El destino, siempre imprevisible, le tenía reservado un papel aún más crucial en la historia de su nación. En 1931, cuando el Perú se tambaleaba al borde del caos, Samanez Ocampo asumió las riendas del país como presidente de la Junta Nacional de Gobierno. Su mandato, aunque breve —apenas nueve meses—, fue como un bálsamo para una nación herida. Con mano firme pero justa, logró lo que parecía imposible: devolver la estabilidad y el orden al país. Su gestión fue tan notable que, al concluir su periodo, el reconocimiento general no se hizo esperar. Abancay, orgullosa, vio cómo uno de sus hijos se convertía en un héroe nacional.
La década de 1940 trajo consigo vientos de cambio y progreso. Las distancias, que antaño parecían insalvables, comenzaron a acortarse gracias al esfuerzo titánico de ingenieros y obreros. Se concluyeron las carreteras que unían el Cusco con Nazca, y también con Ayacucho a través de la «Vía de los Libertadores». Abancay, estratégicamente situada, se transformó en un nudo vial de vital importancia. Era como si la ciudad, consciente de su destino, abriera sus brazos para abrazar el futuro.
Sin embargo, la historia de Abancay, como la de tantas otras ciudades latinoamericanas, no está exenta de capítulos oscuros. Los últimos años de la década de 1970 y gran parte de los 80 vieron cómo la sombra de la violencia política se cernía sobre el Perú. Abancay, lejos de ser una excepción, se vio sacudida por estos vientos turbulentos. El campo, otrora pacífico, se convirtió en escenario de conflictos, propiciando un éxodo masivo hacia la ciudad.
Este fenómeno migratorio, doloroso en su origen pero rico en consecuencias, transformó el tejido social de Abancay. La ciudad acogió en su seno a esta nueva población, mezclándola con la ya existente para crear un crisol único: heterogéneo, pujante y lleno de posibilidades. No obstante, esta misma ola migratoria llevó a muchos abanquinos lejos de su tierra natal, sembrando comunidades en los más diversos rincones del planeta.
—Podremos irnos lejos de Abancay —decían los emigrantes con un nudo en la garganta—, pero jamás podrán arrancar a Abancay de nuestros corazones.
Y así ha sido. Estas comunidades de abanquinos en la diáspora han mantenido vivo el cordón umbilical que los une a su tierra. A través de la distancia y el tiempo, siguen en constante contacto, apoyando el desarrollo local y celebrando sus fiestas con una autenticidad que desafía fronteras y océanos. Es como si cada abanquino llevara consigo un pedazo de su ciudad, regándolo con sus recuerdos y nutriéndolo con su añoranza.

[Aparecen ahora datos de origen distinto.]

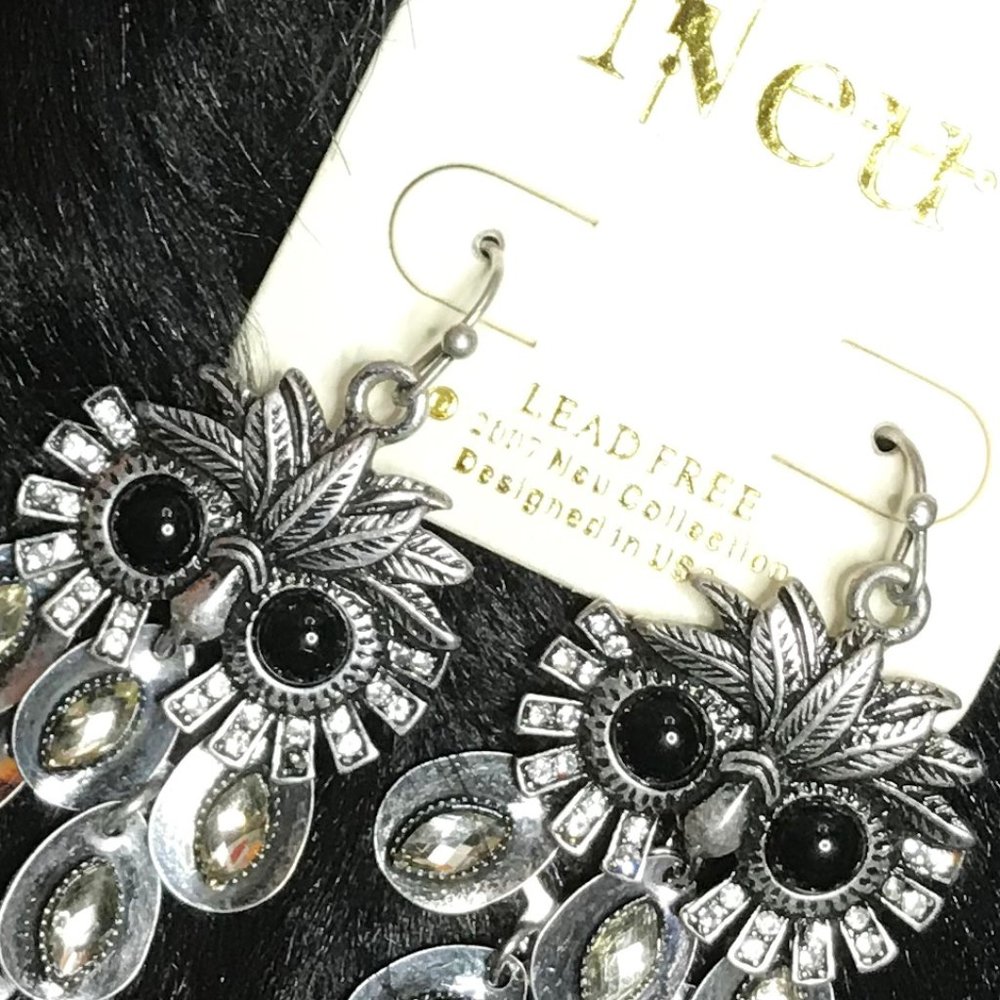 Boho Earrings Owl Silvertone Rhinestone Drops NWT - Picture 2 of 3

Hoy, Abancay se yergue orgullosa como una ciudad moderna, un fénix renacido de las cenizas de su propia historia. Sus calles, antaño polvorientas, ahora palpitan con la energía de una urbe en constante evolución. Es una sinfonía visual de contrastes y armonías, donde lo antiguo y lo nuevo coexisten en un equilibrio perfecto. Los servicios de primer nivel y la infraestructura actualizada son el telón de fondo para una belleza que trasciende lo meramente físico.
Abancay, con su historia rica y compleja, con sus habitantes resilientes y su espíritu indomable, no es solo una ciudad más en el mapa del Perú. Es un testimonio vivo de que, con esfuerzo, visión y amor por la tierra, es posible forjar un futuro brillante sin olvidar las raíces que nos definen. Es, en esencia, un poema escrito en piedra, asfalto y corazones, que continúa añadiendo versos a su interminable estrofa.